Share

Bab 3

Dengan perasaan tak baik, Ali mengemudikan mobilnya hingga kecepatan penuh. Meski ia bukan seorang wanita, tetapi melihat Rasya berkhianat pada adiknya, rasanya ia ingin mengh*ntam kembali wajah lelaki itu tanpa ampun. 

Sampai di rumah sakit, Ali bergegas masuk. Menyusuri lorong dan bertemu kembali dengan Indri dan Ibunya. 

"Bagaimana keadaan Angga?" tanya Ali setelah ia sampai di dekat mereka. 

"Kamu kenapa, Al? Wajahmu ...." Rumi menghentikan ucapannya. Ia mengerutkan dahinya ketika melihat Ali terengah-engah dengan raut tak tenang.

Lelaki itu duduk di kursi depan ruangan. Ia menyandarkan kepalanya berusaha menetralisir rasa panas dalam dada. Berusaha mengumpulkan tenaganya untuk memberitahu dua wanita yang ia cintai.

"Ndri, ceraikan Rasya!" Ali menoleh pada adiknya yang tengah berdiri.

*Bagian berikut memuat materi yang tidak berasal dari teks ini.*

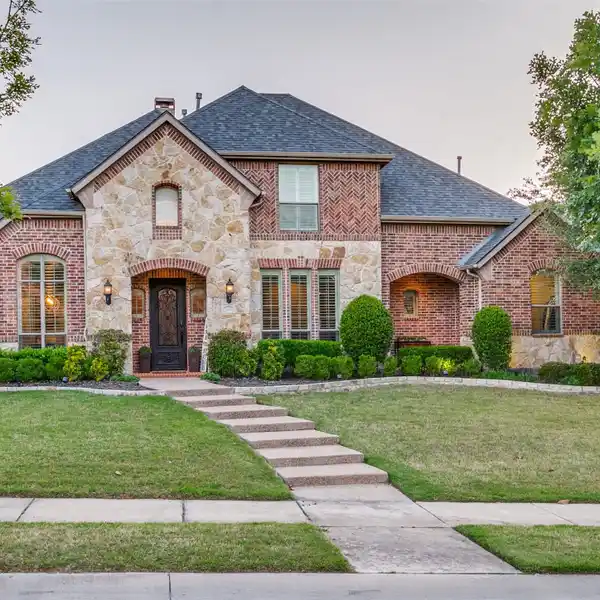 THOUGHTFULLY DESIGNED LUXURY HOME IN CASTLE HILLS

Indri sudah tak kaget lagi. Ia sudah paham maksud perkataan kakaknya. Pasti Ali sudah tahu semuanya, batin Indri. Indri sendiri masih diam. Ia tak tahu harus bilang apa. 

"Kenapa, Al? Apa yang sudah terjadi?" Kecemasan mulai tampil pada wajah Rumi. Ia menggenggam tangan putra sulungnya agar Ali segera menceritakan.

"Rasya ... Rasya sudah bermain g*la di belakang Indri. Dia sudah menghina keluarga kita, Bu."

Awalnya, Indri kira Mas-nya itu hanya mendapat penolakan atas ajakan ke rumah sakit. Akan tetapi, setelah mendengar kalimat terakhir Ali, Indri pun penasaran.

"Maksud, Mas, apa?" Indri mendekat.

"Rasya jalan sama seorang wanita. Aku jijik melihat wanita itu dengan pakaian kurang bahan. Aku sempat berkelahi dengannya. Sorry, Ndri. Aku tak tahan melihat suami adikku berkhianat."

"Astaghfirullah," lirih Indri. Ia terduduk dengan isakan yang tak begitu kencang dan wajah ditutup kedua tangan. "Mas, tidak sedang bercanda, kan?"

Lengkap sudah penderitaan wanita itu. Sudah hamil tua, anak pertama masih belum sadar, sekarang malah suaminya yang bermain api di belakangnya.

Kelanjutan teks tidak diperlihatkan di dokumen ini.